Task details: Nothing goes in the answer except the line that contains "Chiado Riverside Modern Stylish Appartamento" and the lines after it to the end of the material below, unchanged.

Source data:
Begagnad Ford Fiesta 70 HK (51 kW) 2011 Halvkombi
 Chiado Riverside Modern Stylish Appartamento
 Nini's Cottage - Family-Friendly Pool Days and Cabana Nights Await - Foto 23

Answer to this exercise:
 Chiado Riverside Modern Stylish Appartamento
 Nini's Cottage - Family-Friendly Pool Days and Cabana Nights Await - Foto 23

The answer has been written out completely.